Continuing the thread first prompted by a comment from Leeann about silhouette and negative space, another illustrator with an uncanny sense of strong outline is Maurice Boutet De Monvel. He originally trained as a painter at the Ecole Des Beaux-Arts in Paris during the 1870's and developed a highly sensitive and fashionably sentimental approach to his craft as is evidenced by the example below of his early work.
However it was portraiture and particularly children's portraiture that was to occupy much of Boutet De Monvel's career and the way he achieved this was somewhat serendipitous as it was via a foray into the rapidly burgeoning market of children's book illustration that was occurring in France as much as elsewhere in the civilized world at the end of the nineteenth century.
After creating several truly charming child orientated artworks for mass circulation magazines he received commissions to illustrate two books on children's songs which were so successful that they were translated into English and remained in print for many years thereafter.
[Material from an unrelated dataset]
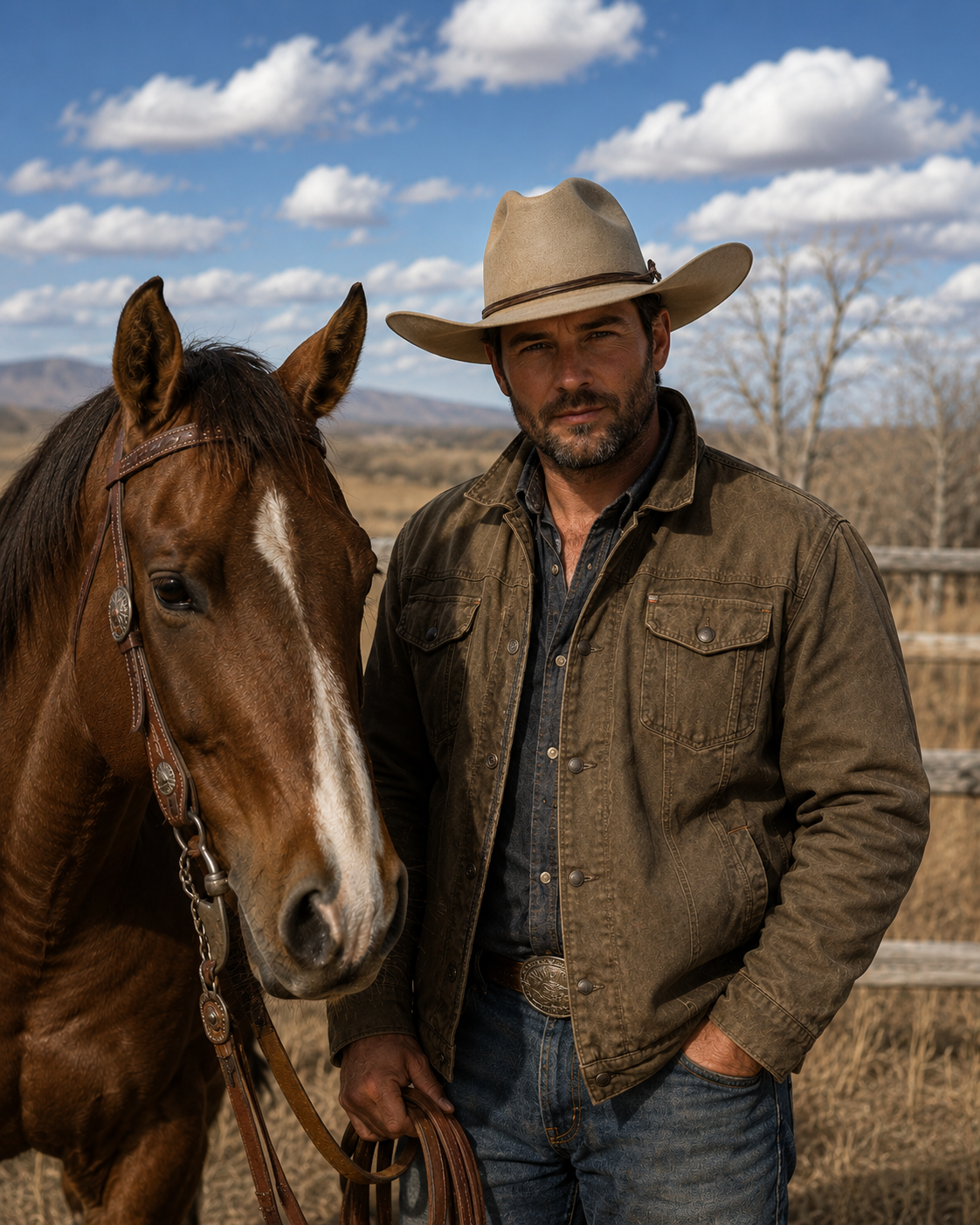 Man standing with a horse wearing a Gus shaped hat in natural beaver blend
The success of these books was such that he was then in receipt of numerous solicitations from the landed and wealthy as they sought De Monvel's skills in immortalizing their children on canvas. This put De Monvel into the enviable position to be extremely judicious in the kind of illustrative work he was prepared to consider. He created one more book and this was not only a true labour of love but his piece de resistance and a book that was to have a profound effect on the development of children's book illustration as well as the development of comic strip."Jeanne D'Arc" was published in 1895 and in the wake of the Franco Prussian War made an immediate call on French national sentiment, although De Monvel was neither a historian or a writer the passion and sheer storytelling power that he brought to bear on this creation were second to none. In these magnificent artworks you can see clearly the profound effect that exposure to the graphic line and subtle use of colour by Japanese artists such as Hokusai had exerted on De Monvel's generation. These figures really emote via attitude and gesture rather than their relatively muted facial expressions and it is the clarity of their outline which so masterfully carries the narrative that really connects you to what they are feeling and where the story is going.
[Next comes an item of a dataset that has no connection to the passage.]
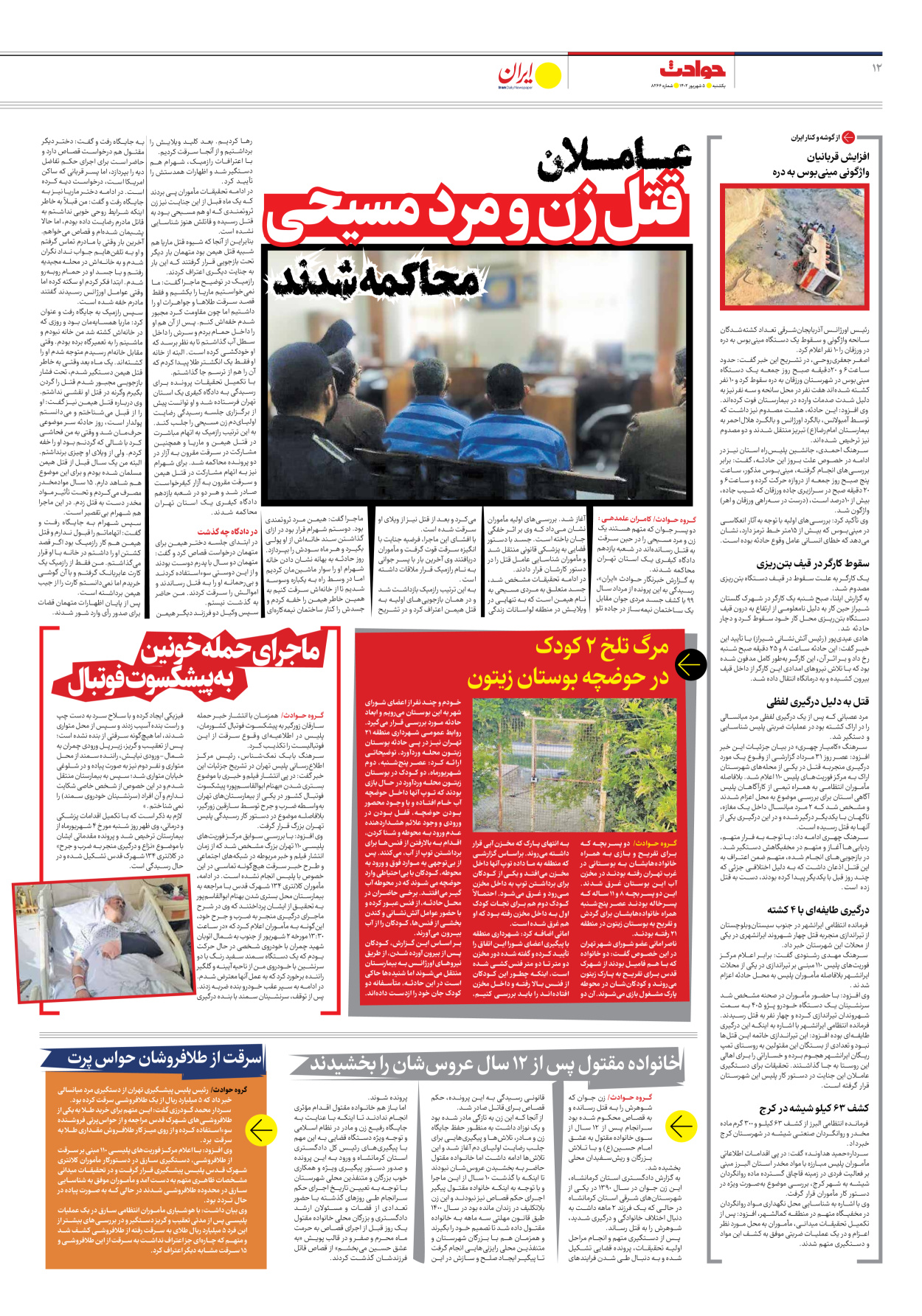 روزنامه ایران - شماره هشت هزار و دویست و شصت و شش - ۰۵ شهریور ۱۴۰۲ - صفحه ۱۲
The enthusiasm and recognition that De Monvel's "Jeanne D'Arc" received was such that he was invited to travel to the U.S.A. in 1899 and was subsequently commissioned to recreate several of the illustrations from the book as large scale panels which are now part of The Corcoran Collection of Paintings in Washington D.C.
De Monvel died at the age of 63 one year before the outbreak of the First World War, when once again French National sentiments would be brought to the fore of public consciousness.